The  is a marine unit of the Japan Self-Defense Forces (JSDF) responsible for conducting amphibious operations.

The ARDB is based at Camp Ainoura in Sasebo, Nagasaki Prefecture.

History

In light of tensions over the Senkaku Islands and the decision for putting the Chinese Coast Guard under military control, Japan started the process of creating an elite marine unit. This brigade was designed to conduct amphibious operations and to recover any Japanese islands taken by an adversary.

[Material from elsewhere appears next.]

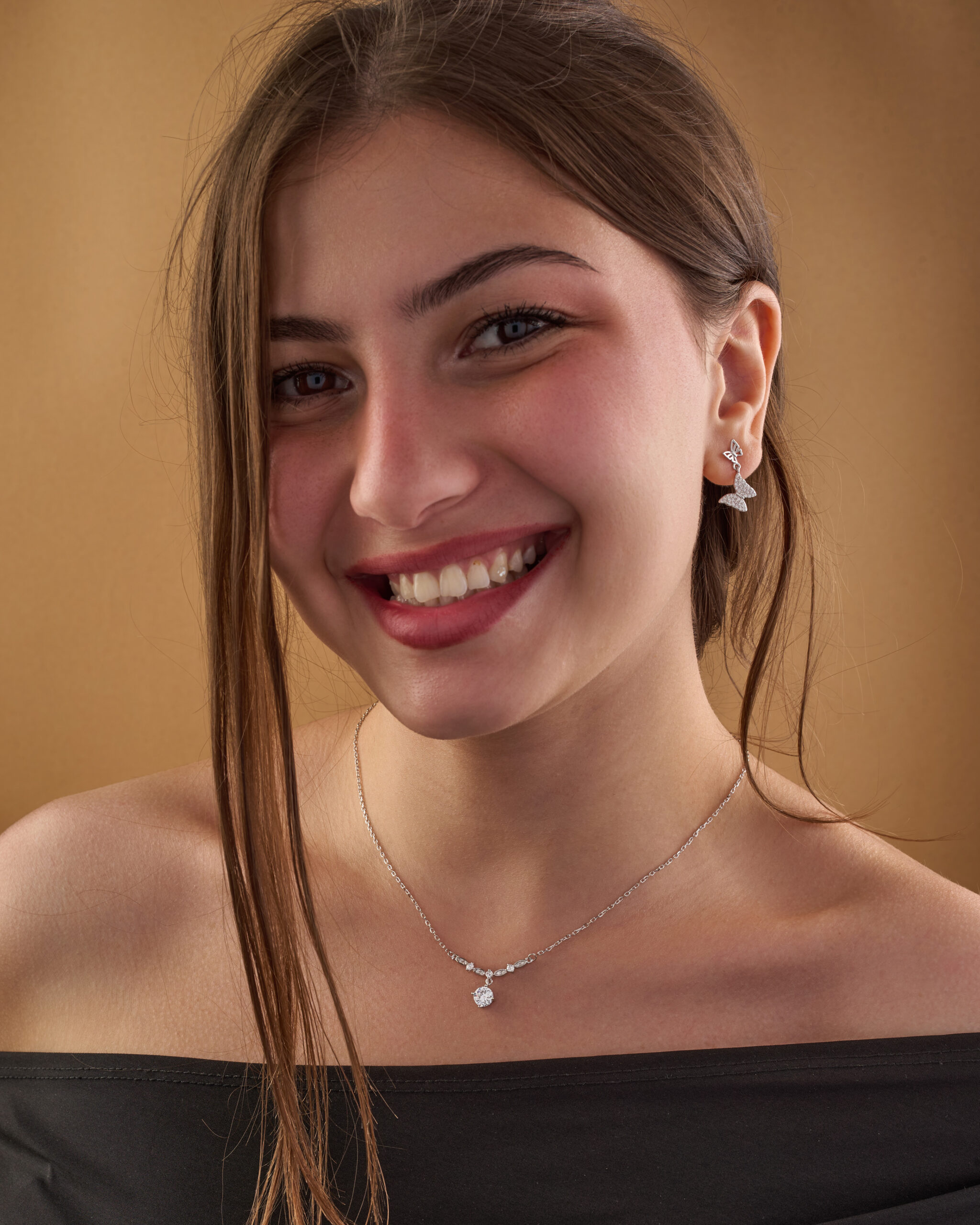 Simple silver pendant in the shape of a circle, inlaid with white zircon stones. - Image 2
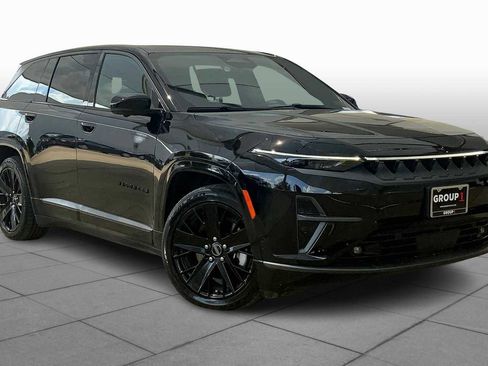 Used 2024 Jeep Wagoneer Launch Edition image 3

In 2006, Japan devised a plan to respond to this threat as outlined in the Defense Programs and Budget of Japan. Thus Japan prepared an amphibious force with the necessary know-how, acquired amphibious and other vehicles for such warfare. Prior to this, training was conducted with the U.S. Marine Corps such as "Iron Fist" and the integrated exercise "Dawn Blitz" in which the JSDF participated.

In the Rim of the Pacific Exercise of 2014, the Japan Ground Self-Defense Force participated for the first time with amphibious warfare training between the U.S. Marine Corps and the GSDF for multilateral exercises. In Japan, joint exercises are also conducted by inviting the U.S. Marine Corps at JGSDF Camp Soumagahara (Gunma Prefecture) and training with the dispatch of GSDF members to the U.S. Marine Corps in Okinawa Prefecture.

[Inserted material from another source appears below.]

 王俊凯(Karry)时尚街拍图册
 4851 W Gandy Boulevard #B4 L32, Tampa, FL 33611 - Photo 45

In 2016, 300 WAIR soldiers were sent to Camp Pendleton for marine training. They were also trained to prepare for the ARDB's establishment.

On March 27, 2018, groundwork for the creation of the ARDB was completed.

On April 7, 2018, Japan activated its first marine unit since World War II. The marines of the Japanese Ground Self-Defense Force (JGSDF)'s Amphibious Rapid Deployment Brigade, gathered at a ceremony activating the brigade at JGSDF's Camp Ainoura in Sasebo. The Brigade is trained to counter invaders from occupying Japanese islands along the edge of the East China Sea that Tokyo considers vulnerable to attack.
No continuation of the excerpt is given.